Kariyerinin giriş, gelişme bölümlerinde yer alan Mauro Icardi eşliğinde İtalyan gazeteci zamanla kendisine büyük bir alan açtı. Sosyal medya hesaplarında milyonlarca takipçisiyle, özellikle transfer dönemlerinde ağzından çıkacak lafa bakılan bir muhabir ve spor gazeteciliğindeki transfer gurusu haline geldi.
“CHECK” ETMİŞTİR!
Gazeteler ve internet siteleri Fabrizio Romano’nun geçtiği bir bilgiyi ‘check’ etmeye bile ihtiyaç duymaksızın kullanır oldu, bu kontrol işleminin zaten yapılmış olduğuna güven duyulur hale geldi. Taraftarlar tuttukları takımdaki gelişmeler için kendisinin atacağı twitleri beklerken, ünlü futbolcular gönderilerine yorum yapıyor, kulüpler transfer açıklamalarında Fabrizio Romano’ya yer vermeyi, ayrıcalıklı bir hal olarak hissediyor.
Küresel transfer pazarı milyarlarca dolarlık bir sektör. 30 yaşındaki Fabrizio Romano’dan bugün gelecek tek bir kelime bu transferleri gerçekleştirebilir veya bozabilir. Çünkü kendisi sadece futbol transfer piyasasını takip eden bir muhabir olmaktan çıktı artık, aynı zamanda onun içindeki bir aktöre de dönüştü. Her ne kadar kendisi ‘Ben bir yıldız değil, bir gazeteciyim ve gazeteci bir aracıdır’ dese de, yaptıkları, içinde bulunduğumuz çağın imkanlarıyla birleşince bu kez kendisi, profili yazılan kişiye dönüştü.

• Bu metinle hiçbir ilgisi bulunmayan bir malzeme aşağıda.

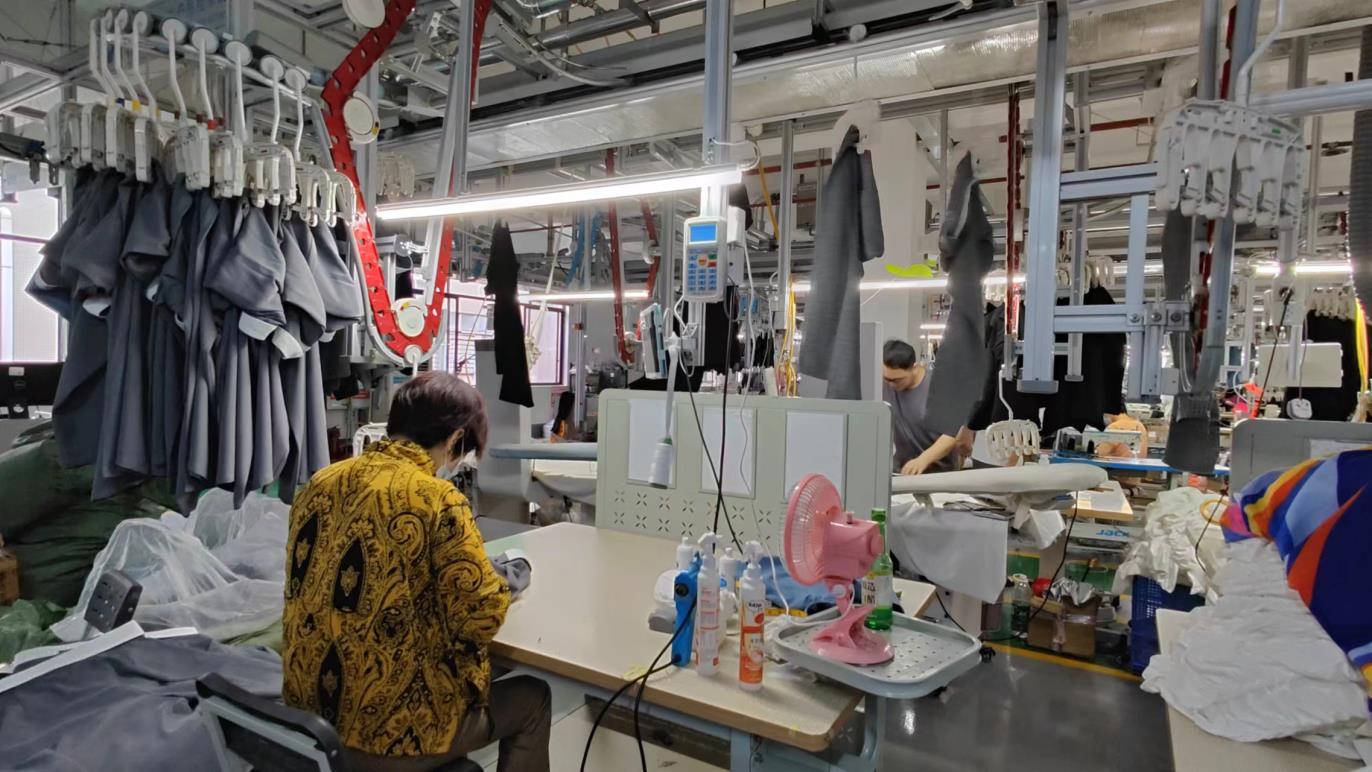 Xingguo Xinrong Garments Co., Ltd. Muslim Jilbab
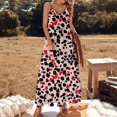 thumbnail image 2 of Animal Print Patterns Sleeveless Dress for Women Clothing Female Women's Summer Skirt, 2 of 7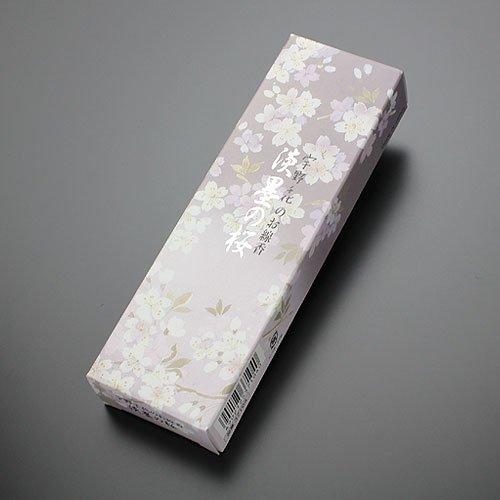 【EC19-015-01】日本香堂　宇野千代のお線香　淡墨の桜　小バラ詰　#37104
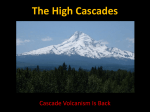 Lecture 15: The High Cascades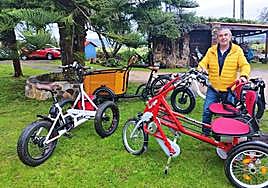 «Mi negocio potencia el turismo rural y es replicable en otras zonas de Asturias»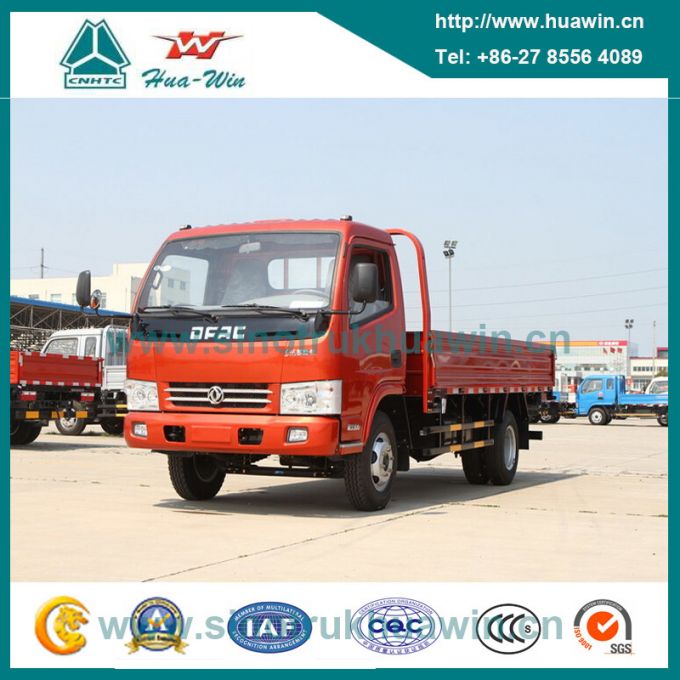 DFAC 4.5 Ton 115HP 4X2 Cargo Truck with Single Cabin 
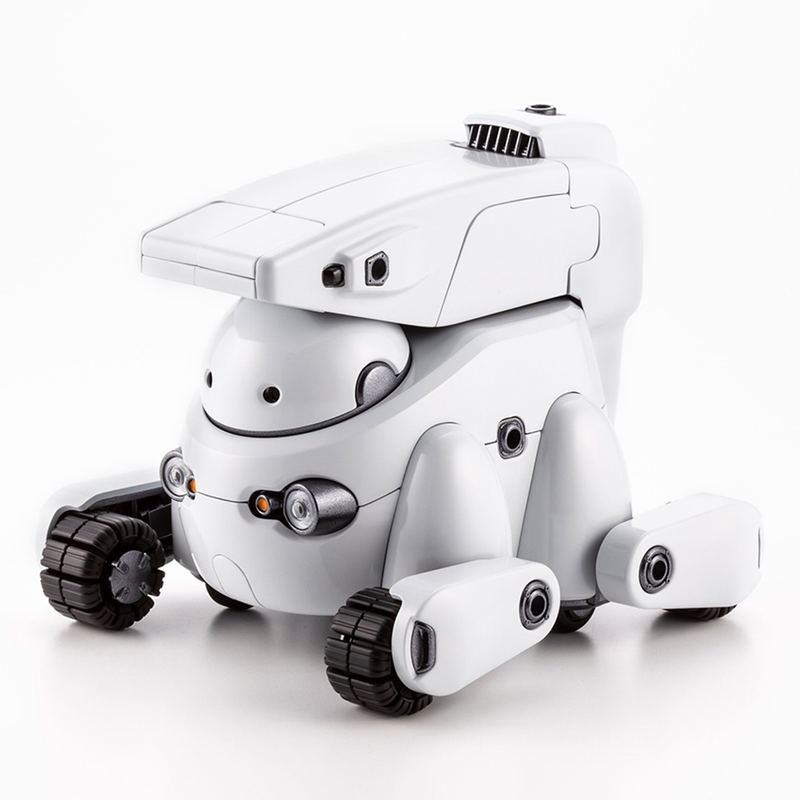 Maruttoys 1/12 Scale Plastic Model Kit: Tamotu Pro Cool White Ver. image 2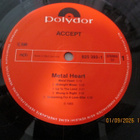 Accept Metal Heart LP - pikkukuva 3
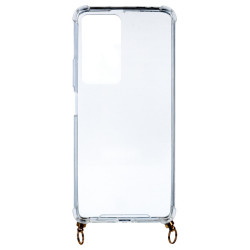 Capa Transparente com Suporte para Cordão para Xiaomi Poco F4 5G - La Casa de las Carcasas, Acessórios e Capas para telemóveis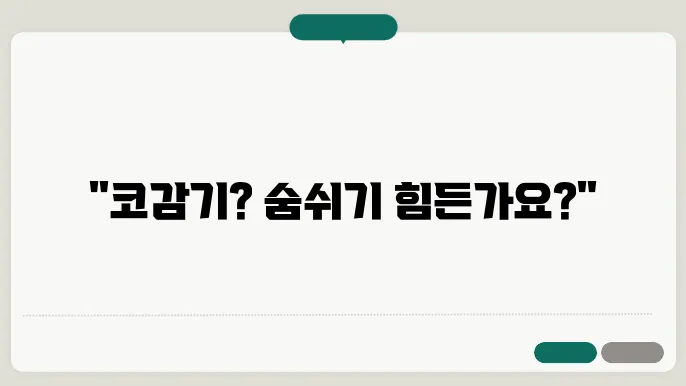 코세척 관련 이미지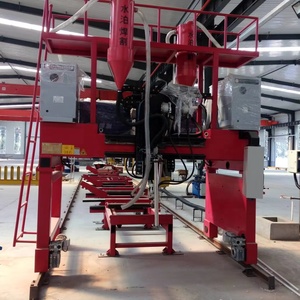 H Strahls chweiß gerät/H-Strahls chweiß maschine/Anhänger H-Träger Automatische Schweiß maschine/Portaltyp Anhänger balkens chweiß maschine - Product Image 1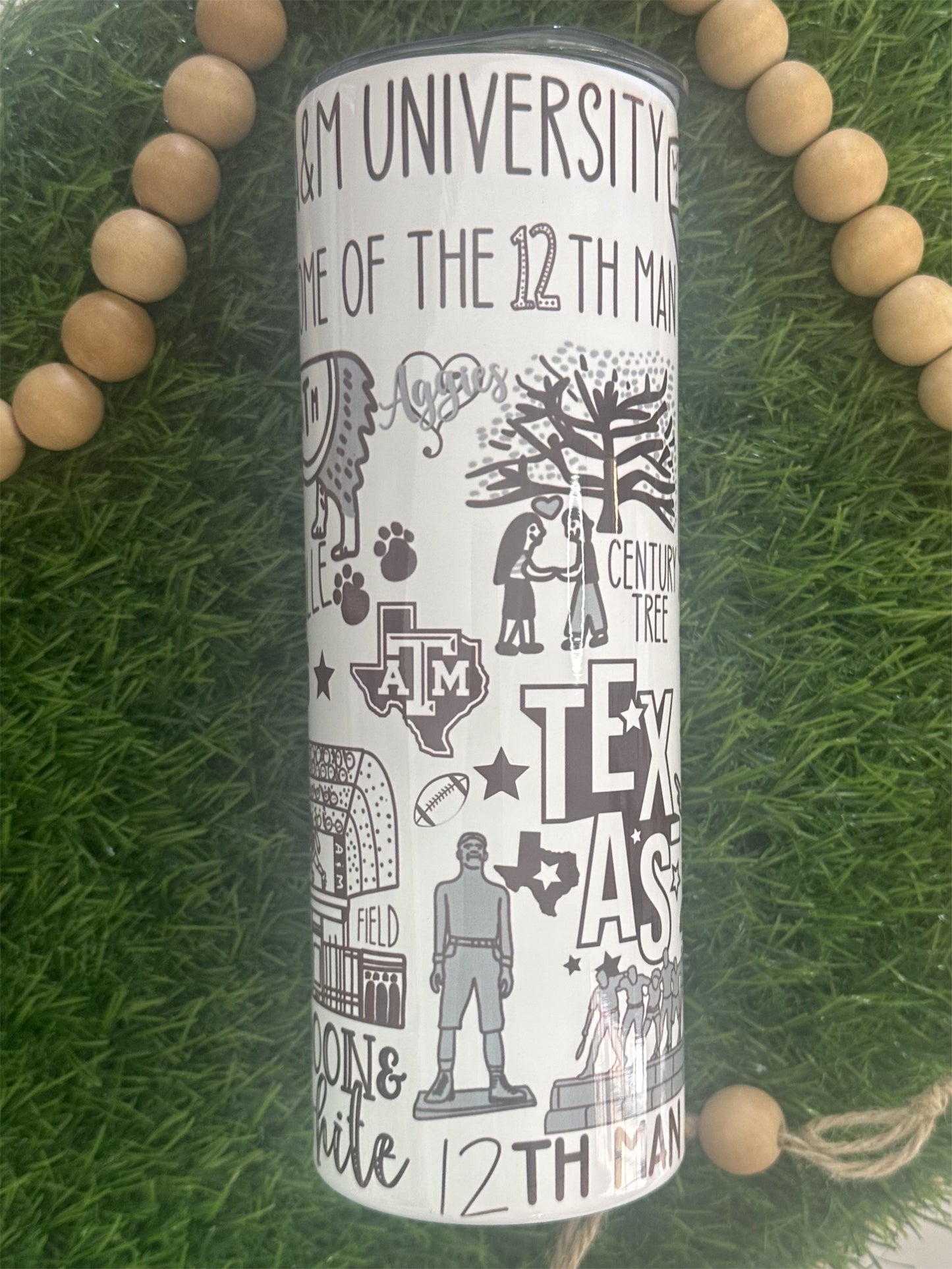 University Themed Tumblers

“GÜNDE 20 SAAT ÇALIŞIYORUM”
Futbolda transfer dönemlerinin içerisindeki zaman periyotları Fabrizio Romano’nun en yoğun olduğu anlara tekabül ediyor. İşini severek yapan İtalyan muhabir “Transferler için her gün 20 saat çalışıyorum ve kendimi gerçekten şanslı hissediyorum, bu zor bir iş değil” diyerek devam ediyor:
“Futbolun içinde çalışıyorum. Bu benim hayalim. Dürüst olmak gerekirse, takipçi sayısı açısından bu rakamları görmek biraz garip hissettiriyor. İnsanların sokakta beni durdurup fotoğraf ya da video istemesi beni şaşırtıyor. Bazıları da sizden pek memnun değiller. Bu da benim işimin bir parçası.”
KARİYERİNİN EN GÜZEL ANI
Marc Cucurella’nın geçtiğimiz yaz Brighton’dan Chelsea’ye gidişi, Fabrizio Romano’nun da kariyerinin kırılma anlarından bir tanesiydi. Brighton’ın Cucurella’yı Chelsea’ye satacağını ve anlaşmanın çok yakın olduğunu duyurmasının ardından Brighton kulübü bu haberi yalanlayan bir açıklama yayınladı.
İtibarını tehdit eden bir gelişmeyle karşı karşıya kalan Romano o günleri ‘Yaşadığım duyguları hala hatırlıyorum, oldukça inişli çıkışlıydı’ diye anlatıyor. Bu açıklamanın ardından sosyal medyada saldırılara uğramaya başladı, ancak kendisi kaynaklarına güveniyordu. İki gün sonra transferin gerçekleşmesini Fabrizio ‘Kariyerimin en güzel anıydı’ şeklinde nitelendiriyor.
WATFORD HAYRANI
Fabrizio Romano İngiliz ekibi Watford’a büyük sempati besliyor ve favori kulübünün bu ekip olduğunu dile getiriyor. Bu sevginin kökeni ise 2013 yılındaki Championship play-off’larına dayanıyor. İtalyan gazeteci o sezon Leicester City’ye karşı yaptıkları olağanüstü geri dönüşe tanık olduktan sonra bu ekibin bir hayranı haline geldi.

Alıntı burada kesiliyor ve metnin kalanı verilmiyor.